Quickly, we discover that gambling the odds is key. Attending events lets you draw more cards where you may, or may not, get the symbols you need for the Feats you're aiming for. With six different elements, this feels a total crapshoot at first, a frustrating lunge into the unknown. But you can moderate it with your one action for the turn, some of which let you mess around with the elements you can play. Other actions, like extra movement or acquiring powerful books of magic, are far more tempting on paper, ensuring this is a sticky pick to do the best.
So sticky, in fact, that player turns take a while. I would not want to play this with the full complement of four. With two, though, it passes pretty fast and, as it concludes, we declare ourselves satisfied.
Yet as I pack it away, I'm left with a nagging doubt.
One of the few elements from the book that's wormed its way into the actual play is that of the antagonist, the Gentleman with Thistledown Hair. He exists merely as a power track which increases every turn. In theory, a player can end the game early by having more points than he has power. And the rules imply that if no-one manages this, all the players lose, although the one with the most points still wins, kind of.
The problem is we are both miles behind the Gentleman at game end. Who wants to win, kind of? I resolve that I will solve the puzzle of how to beat him.
Over the next two days, this quest consumes me. Considering the pace at which his power grows versus that of player card draw, I cannot see how it can be done. I flick through the rules again, searching for a mistake. I even mail the publisher who assures me it can be done "with practice". So we play another game and I am lost, totally, to working this out. With no actual player interaction in the game, this has little impact on how we play. We have fun failing, again.
Baffled, I resort to soloing it. There's no actual solo rules but the need and speed with which you try to beat the Gentleman work as a satisfying proxy. Focusing every faculty on trying to get things right, I still fall a dozen points short. Next day I can barely work, barely converse. All the spare capacity in my head is dedicated to beating the Gentleman.
Mid-afternoon suddenly, a flash. I've been playing each aspect of the game as an optimal efficiency exercise.
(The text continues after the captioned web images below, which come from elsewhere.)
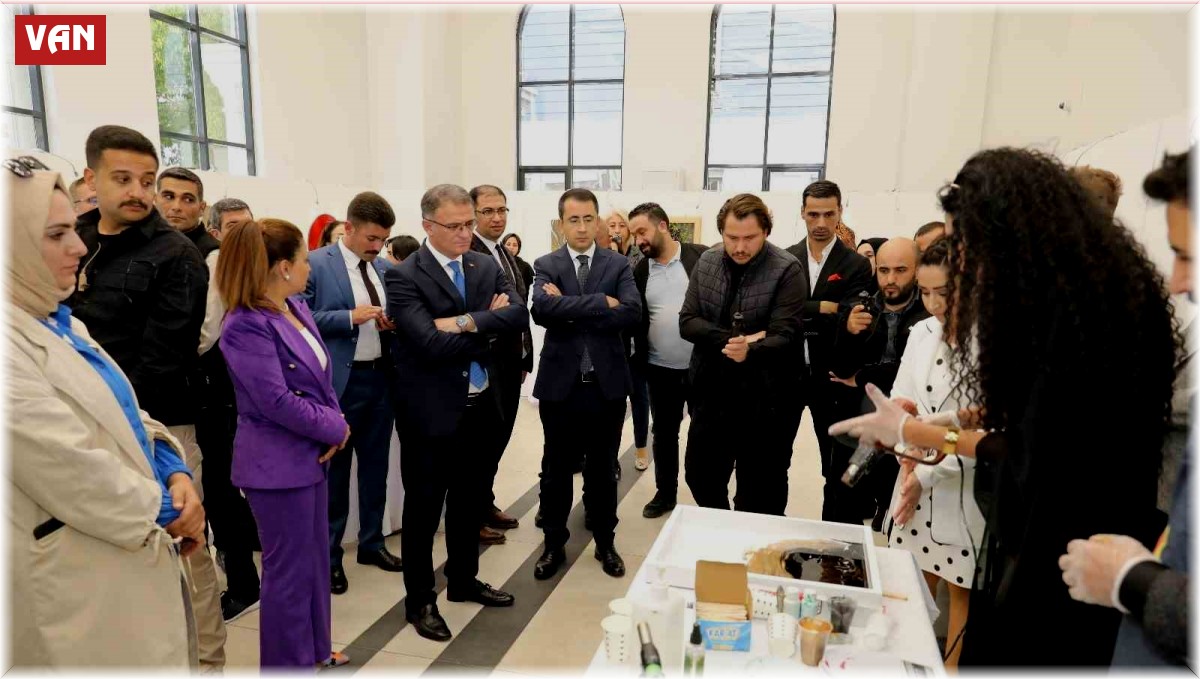 İpekyolu'nda 'ışıltının ahengi' sergisi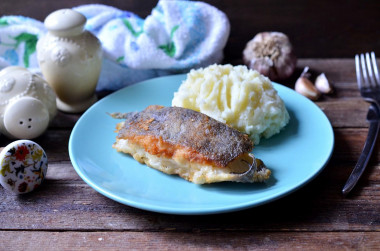 Mashed potatoes with fish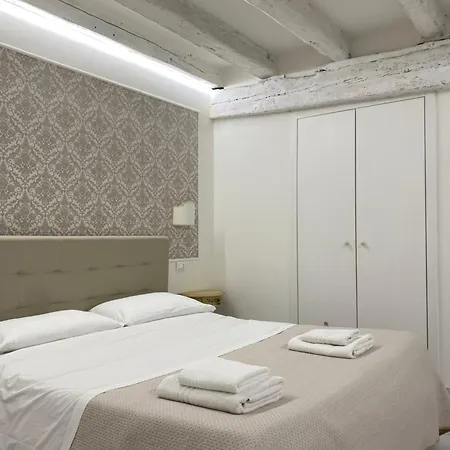 Dimora Boscolo, Zona Castello *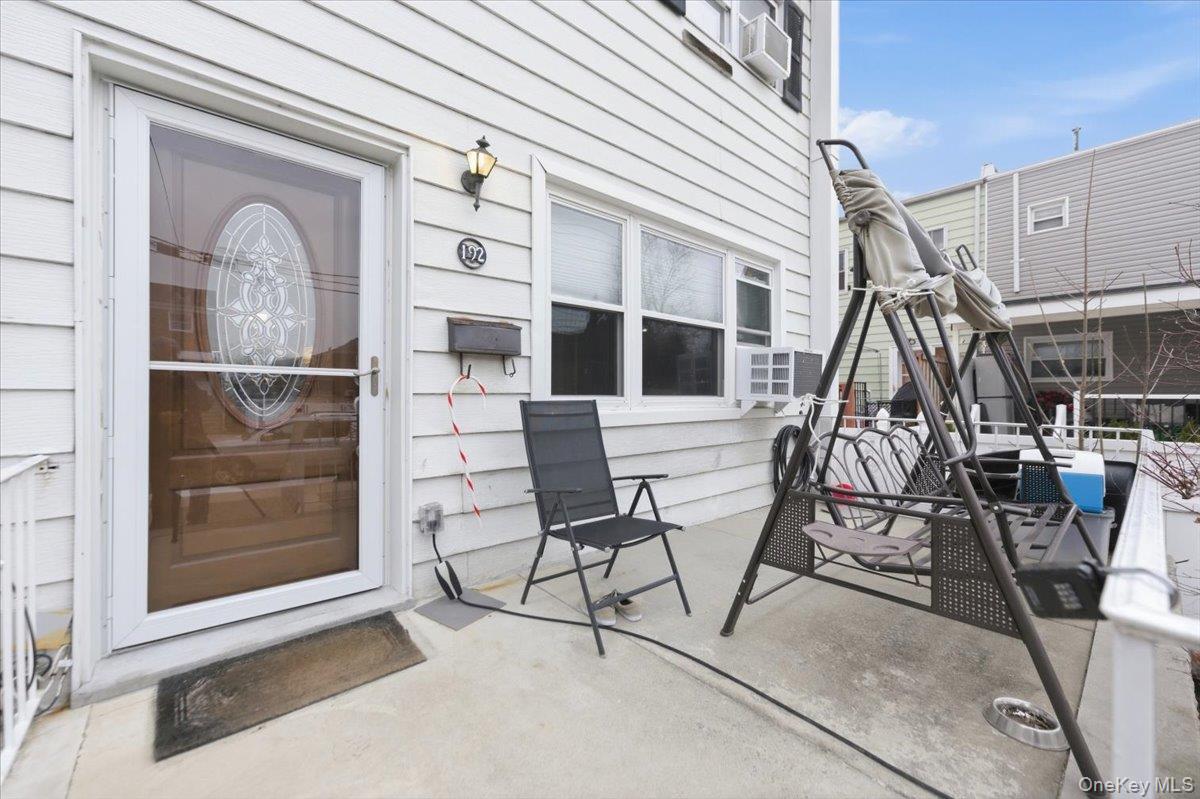 192 Huntington Avenue, Bronx, NY 10465
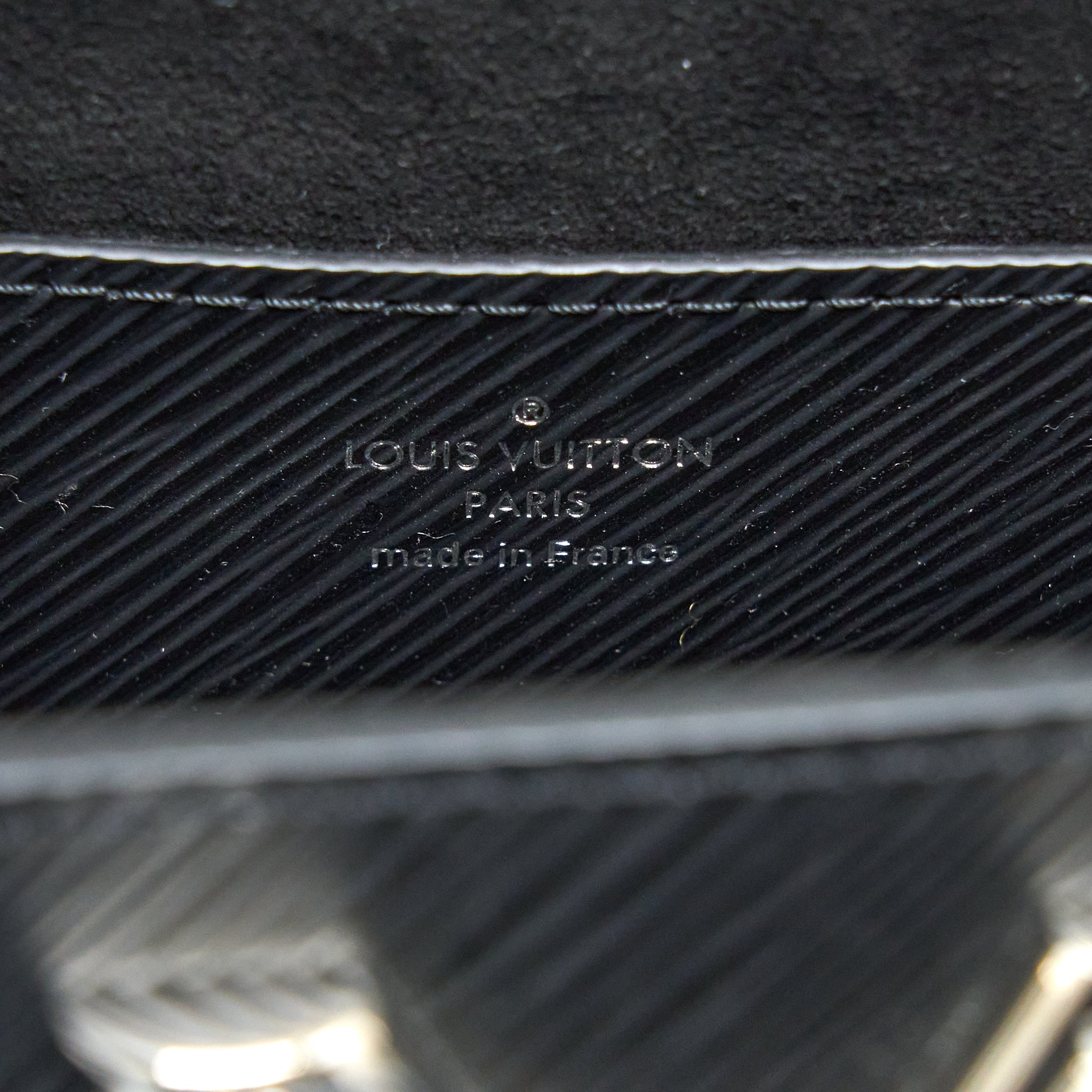 LOUIS VUITTON TWIST PM EPI BLACK SHW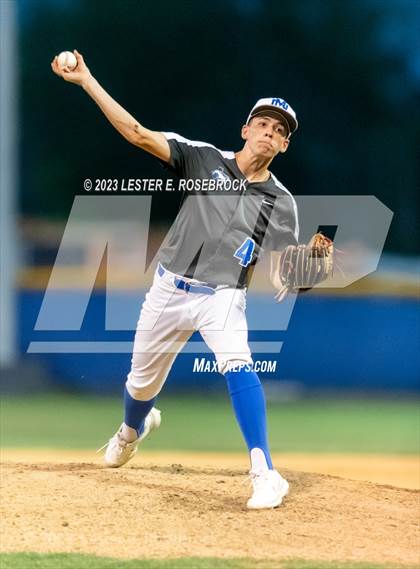 Thumbnail 1 in Natalia @ Hondo photogallery.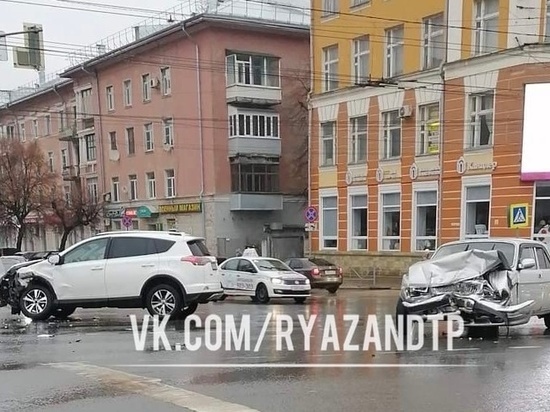 На Первомайском проспекте «Волга» столкнулась с Toyota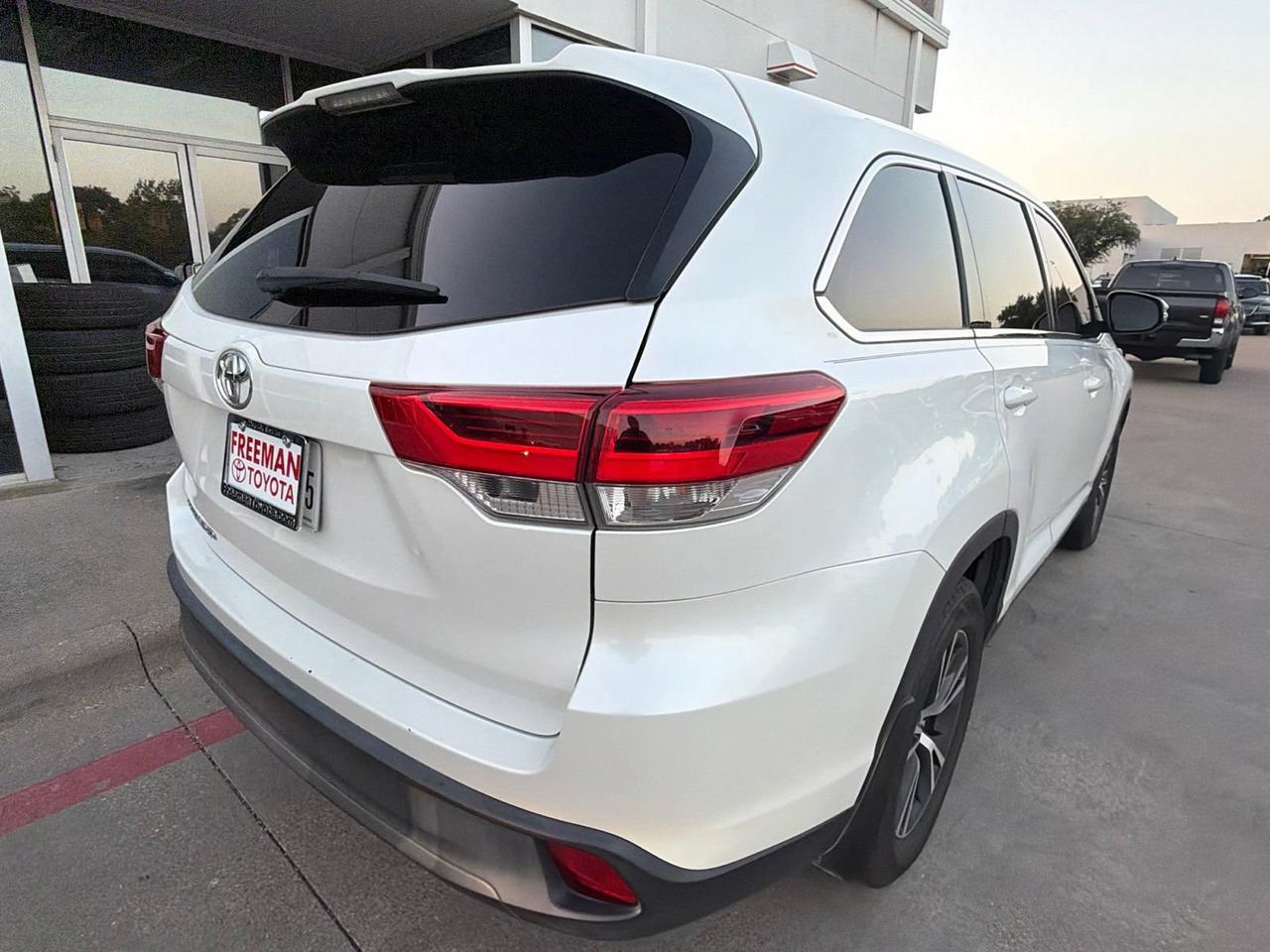 2019 Toyota Highlander LE Hurst TX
But what if being optimal in one aspect stops you being optimal in another? I'm flooded with excitement.
I can't wait to get it back to the table that night. At first, my opponent wonders what the hell I'm doing as I start to fall behind. But then my plan begins to bear fruit. As the game progresses I start to conjure more Magical Feats than ever before, rushing far into the lead. But I'm still behind the Gentleman. On the very final turn, I throw everything I have at completing Feats. My fingers shake as I count up my tally.
I shriek with delight as I find I've done it, by a single point.
My demon exorcised, next day I begin to move on to other things. There are still riddles remaining. I beat the Gentleman on my final turn when, in theory, he can be beaten much earlier and I still have no idea how. But having achieved my goal, these questions seem less urgent, the clarion call of play more distant. I'm not sure, now, whether I was, in fact playing a game or solving a puzzle. Either way, it feels an activity more suited to the conceited, isolated Norrell than the charismatic and boisterous Strange. England, it seems, must wait for the Raven King a little longer.